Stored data
- - - -

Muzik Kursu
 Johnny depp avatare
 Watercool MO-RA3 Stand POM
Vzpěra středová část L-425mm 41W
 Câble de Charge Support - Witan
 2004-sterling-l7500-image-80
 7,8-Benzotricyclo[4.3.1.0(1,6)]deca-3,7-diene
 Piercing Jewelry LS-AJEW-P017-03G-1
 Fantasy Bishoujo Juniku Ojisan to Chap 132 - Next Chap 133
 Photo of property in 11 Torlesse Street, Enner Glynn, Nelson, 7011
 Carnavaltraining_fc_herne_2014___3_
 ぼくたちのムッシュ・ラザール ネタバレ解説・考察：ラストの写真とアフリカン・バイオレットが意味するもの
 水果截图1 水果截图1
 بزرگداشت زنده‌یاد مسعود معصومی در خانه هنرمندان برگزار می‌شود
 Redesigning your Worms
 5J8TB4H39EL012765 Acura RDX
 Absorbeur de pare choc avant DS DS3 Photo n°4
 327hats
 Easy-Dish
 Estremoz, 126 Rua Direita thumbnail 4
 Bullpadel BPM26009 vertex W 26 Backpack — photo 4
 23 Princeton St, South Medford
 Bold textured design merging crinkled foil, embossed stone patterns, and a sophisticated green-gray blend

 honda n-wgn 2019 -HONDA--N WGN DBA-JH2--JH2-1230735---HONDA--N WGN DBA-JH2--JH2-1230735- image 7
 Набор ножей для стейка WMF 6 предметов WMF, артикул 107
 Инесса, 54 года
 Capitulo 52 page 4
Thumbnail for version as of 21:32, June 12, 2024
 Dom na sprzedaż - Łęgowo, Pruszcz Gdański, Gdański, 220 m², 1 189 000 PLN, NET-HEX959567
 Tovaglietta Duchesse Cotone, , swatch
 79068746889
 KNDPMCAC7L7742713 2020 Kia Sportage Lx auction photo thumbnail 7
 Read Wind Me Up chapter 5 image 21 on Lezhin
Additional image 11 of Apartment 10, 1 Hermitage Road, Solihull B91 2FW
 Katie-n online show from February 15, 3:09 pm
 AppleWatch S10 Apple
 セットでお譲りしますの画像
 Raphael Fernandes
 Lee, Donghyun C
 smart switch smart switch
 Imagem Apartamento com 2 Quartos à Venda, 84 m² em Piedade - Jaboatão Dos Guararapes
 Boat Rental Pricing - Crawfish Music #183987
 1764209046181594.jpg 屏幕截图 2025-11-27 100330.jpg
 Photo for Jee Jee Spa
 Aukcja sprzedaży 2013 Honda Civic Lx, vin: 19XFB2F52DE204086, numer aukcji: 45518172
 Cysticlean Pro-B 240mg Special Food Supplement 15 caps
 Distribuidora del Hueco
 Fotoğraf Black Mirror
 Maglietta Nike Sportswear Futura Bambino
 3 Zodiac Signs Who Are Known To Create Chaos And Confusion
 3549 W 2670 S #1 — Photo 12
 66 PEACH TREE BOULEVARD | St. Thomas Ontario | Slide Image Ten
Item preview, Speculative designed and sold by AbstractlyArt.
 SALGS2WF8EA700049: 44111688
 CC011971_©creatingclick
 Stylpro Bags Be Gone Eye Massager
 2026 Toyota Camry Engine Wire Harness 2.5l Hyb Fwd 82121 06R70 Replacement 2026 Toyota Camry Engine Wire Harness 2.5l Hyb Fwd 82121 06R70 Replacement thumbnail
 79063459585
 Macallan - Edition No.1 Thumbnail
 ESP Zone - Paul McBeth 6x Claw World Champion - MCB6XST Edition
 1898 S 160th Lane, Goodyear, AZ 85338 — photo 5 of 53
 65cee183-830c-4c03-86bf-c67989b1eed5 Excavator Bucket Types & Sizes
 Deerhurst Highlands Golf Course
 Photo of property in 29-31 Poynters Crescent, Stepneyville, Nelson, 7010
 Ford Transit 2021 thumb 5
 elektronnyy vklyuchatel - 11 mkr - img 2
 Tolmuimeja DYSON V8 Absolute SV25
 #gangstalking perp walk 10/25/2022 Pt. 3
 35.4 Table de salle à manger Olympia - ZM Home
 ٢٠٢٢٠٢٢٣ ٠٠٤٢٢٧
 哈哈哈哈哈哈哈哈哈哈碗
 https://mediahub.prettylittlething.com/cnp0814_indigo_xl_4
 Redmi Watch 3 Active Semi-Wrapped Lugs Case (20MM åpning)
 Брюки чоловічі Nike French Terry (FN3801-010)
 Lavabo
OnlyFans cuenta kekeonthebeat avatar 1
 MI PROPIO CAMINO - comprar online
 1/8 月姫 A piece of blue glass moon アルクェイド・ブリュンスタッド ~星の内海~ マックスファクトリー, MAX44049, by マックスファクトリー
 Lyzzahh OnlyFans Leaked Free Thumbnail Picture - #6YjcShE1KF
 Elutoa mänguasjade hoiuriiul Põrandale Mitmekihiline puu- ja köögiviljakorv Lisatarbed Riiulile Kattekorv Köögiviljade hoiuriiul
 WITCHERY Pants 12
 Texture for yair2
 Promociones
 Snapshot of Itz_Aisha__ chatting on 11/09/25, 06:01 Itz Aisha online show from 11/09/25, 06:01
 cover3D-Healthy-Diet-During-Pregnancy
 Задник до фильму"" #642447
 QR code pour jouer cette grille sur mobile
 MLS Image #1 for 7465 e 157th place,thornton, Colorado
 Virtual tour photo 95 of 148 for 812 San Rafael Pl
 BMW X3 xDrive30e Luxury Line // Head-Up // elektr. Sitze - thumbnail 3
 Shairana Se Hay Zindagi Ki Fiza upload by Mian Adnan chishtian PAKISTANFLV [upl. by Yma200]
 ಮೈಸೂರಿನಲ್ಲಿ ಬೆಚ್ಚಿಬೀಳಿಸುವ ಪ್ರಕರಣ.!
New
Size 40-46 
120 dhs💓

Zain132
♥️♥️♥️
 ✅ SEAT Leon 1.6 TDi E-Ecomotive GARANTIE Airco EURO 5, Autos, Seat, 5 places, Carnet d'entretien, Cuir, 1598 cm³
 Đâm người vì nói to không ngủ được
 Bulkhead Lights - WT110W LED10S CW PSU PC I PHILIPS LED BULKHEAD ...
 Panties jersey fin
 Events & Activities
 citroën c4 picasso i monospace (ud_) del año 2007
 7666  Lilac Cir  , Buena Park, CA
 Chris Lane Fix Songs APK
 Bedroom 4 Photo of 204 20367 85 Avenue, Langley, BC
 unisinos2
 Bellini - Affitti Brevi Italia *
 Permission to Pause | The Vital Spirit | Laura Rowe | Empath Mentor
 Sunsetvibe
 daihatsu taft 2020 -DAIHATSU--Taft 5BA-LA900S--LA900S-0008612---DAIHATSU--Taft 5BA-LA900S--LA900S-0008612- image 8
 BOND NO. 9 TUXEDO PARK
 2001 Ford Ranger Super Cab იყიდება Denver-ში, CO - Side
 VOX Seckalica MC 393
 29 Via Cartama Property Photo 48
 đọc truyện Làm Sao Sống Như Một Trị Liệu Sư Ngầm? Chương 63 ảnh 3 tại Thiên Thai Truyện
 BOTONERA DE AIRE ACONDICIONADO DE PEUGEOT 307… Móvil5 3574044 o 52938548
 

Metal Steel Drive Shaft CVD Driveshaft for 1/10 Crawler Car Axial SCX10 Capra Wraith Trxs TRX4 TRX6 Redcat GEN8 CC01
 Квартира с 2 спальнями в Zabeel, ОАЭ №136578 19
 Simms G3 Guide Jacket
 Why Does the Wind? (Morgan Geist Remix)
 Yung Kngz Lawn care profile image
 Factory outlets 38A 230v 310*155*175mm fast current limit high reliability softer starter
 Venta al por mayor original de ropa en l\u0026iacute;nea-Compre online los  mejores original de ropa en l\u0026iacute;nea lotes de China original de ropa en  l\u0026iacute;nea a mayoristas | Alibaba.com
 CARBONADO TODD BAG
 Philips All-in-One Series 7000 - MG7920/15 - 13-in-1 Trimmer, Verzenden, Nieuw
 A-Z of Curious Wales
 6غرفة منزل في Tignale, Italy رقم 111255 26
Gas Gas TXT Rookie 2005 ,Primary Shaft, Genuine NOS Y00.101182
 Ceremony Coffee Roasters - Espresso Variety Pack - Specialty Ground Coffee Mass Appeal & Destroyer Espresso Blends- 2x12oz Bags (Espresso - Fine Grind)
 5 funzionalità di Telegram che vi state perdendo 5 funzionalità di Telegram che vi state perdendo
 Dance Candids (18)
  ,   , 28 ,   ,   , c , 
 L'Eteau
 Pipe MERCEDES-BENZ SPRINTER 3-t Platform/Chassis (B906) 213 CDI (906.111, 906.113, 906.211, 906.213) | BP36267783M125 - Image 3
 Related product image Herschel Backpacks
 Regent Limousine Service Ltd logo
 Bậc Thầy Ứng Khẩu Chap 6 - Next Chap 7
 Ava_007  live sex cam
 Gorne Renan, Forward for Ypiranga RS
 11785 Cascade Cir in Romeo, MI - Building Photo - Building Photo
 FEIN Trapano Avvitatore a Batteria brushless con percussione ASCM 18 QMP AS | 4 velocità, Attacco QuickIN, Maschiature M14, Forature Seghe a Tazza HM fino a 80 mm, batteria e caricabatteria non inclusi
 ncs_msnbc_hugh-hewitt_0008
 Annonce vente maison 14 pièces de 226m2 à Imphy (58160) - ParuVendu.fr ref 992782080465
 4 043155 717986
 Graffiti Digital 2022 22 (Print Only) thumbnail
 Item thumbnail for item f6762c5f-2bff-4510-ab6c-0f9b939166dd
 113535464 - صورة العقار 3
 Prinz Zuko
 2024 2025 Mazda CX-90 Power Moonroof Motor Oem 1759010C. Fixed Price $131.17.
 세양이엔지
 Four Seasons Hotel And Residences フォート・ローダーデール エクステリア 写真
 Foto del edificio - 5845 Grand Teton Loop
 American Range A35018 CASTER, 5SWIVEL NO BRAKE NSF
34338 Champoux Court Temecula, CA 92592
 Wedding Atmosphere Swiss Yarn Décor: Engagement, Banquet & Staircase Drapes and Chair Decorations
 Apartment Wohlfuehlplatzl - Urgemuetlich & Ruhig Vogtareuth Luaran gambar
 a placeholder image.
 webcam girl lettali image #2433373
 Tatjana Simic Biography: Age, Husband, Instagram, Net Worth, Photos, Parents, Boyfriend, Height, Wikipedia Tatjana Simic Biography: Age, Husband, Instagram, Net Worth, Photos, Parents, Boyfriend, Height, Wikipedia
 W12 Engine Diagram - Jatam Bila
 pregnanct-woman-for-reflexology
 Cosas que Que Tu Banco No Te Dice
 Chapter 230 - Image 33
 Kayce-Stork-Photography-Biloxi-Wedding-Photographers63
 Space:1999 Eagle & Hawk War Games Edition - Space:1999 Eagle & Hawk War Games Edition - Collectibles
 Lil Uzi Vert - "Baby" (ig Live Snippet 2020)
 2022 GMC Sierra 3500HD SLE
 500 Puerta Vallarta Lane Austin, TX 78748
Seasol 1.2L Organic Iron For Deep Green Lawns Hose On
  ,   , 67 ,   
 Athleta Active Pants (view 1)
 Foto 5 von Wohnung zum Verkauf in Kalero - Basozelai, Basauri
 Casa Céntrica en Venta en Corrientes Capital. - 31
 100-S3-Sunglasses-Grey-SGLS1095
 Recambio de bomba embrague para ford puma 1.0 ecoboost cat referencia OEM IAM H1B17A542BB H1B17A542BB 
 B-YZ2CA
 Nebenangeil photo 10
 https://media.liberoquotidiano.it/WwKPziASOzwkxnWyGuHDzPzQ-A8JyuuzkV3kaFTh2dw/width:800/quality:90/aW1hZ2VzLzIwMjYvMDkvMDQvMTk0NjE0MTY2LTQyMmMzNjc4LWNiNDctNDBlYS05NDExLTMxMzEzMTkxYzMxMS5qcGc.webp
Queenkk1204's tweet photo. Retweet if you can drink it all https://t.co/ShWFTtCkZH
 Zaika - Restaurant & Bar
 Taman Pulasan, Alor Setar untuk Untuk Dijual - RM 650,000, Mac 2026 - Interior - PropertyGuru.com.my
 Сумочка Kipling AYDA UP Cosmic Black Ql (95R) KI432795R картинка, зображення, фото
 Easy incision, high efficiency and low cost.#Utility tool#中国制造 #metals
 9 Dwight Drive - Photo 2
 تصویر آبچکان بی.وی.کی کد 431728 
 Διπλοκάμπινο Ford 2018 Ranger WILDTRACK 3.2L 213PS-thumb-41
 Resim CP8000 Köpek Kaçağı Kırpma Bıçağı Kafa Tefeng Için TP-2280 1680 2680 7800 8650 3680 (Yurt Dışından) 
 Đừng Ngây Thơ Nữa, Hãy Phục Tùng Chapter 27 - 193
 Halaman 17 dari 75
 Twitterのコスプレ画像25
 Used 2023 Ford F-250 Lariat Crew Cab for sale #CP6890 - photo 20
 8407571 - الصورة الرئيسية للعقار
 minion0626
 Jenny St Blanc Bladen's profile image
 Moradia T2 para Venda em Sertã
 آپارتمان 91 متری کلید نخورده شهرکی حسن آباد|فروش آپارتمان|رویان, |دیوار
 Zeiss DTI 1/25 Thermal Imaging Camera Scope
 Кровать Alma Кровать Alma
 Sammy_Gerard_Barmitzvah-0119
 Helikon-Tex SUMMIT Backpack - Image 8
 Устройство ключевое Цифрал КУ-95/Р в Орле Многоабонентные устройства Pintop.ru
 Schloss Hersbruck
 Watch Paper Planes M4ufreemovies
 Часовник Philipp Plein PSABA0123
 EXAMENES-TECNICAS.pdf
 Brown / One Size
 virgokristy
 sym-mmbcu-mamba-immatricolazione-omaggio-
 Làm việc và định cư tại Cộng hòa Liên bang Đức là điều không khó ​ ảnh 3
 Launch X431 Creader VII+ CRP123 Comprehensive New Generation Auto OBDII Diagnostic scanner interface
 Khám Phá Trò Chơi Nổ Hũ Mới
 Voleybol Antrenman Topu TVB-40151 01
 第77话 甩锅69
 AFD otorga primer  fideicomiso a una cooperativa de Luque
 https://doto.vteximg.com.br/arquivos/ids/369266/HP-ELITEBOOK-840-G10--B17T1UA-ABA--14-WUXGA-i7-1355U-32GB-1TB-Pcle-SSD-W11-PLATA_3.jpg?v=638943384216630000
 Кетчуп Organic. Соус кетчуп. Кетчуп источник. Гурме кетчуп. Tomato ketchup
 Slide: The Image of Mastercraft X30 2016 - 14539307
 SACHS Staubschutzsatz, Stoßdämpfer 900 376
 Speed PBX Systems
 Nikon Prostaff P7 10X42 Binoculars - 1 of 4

- - - -

__TASK DETAILS__. Wherever a line holds the word "Venta", copy that line out of the entries above.

__SOLUTION FOR THIS EXERCISE__.
 Venta al por mayor original de ropa en l\u0026iacute;nea-Compre online los  mejores original de ropa en l\u0026iacute;nea lotes de China original de ropa en  l\u0026iacute;nea a mayoristas | Alibaba.com
 Casa Céntrica en Venta en Corrientes Capital. - 31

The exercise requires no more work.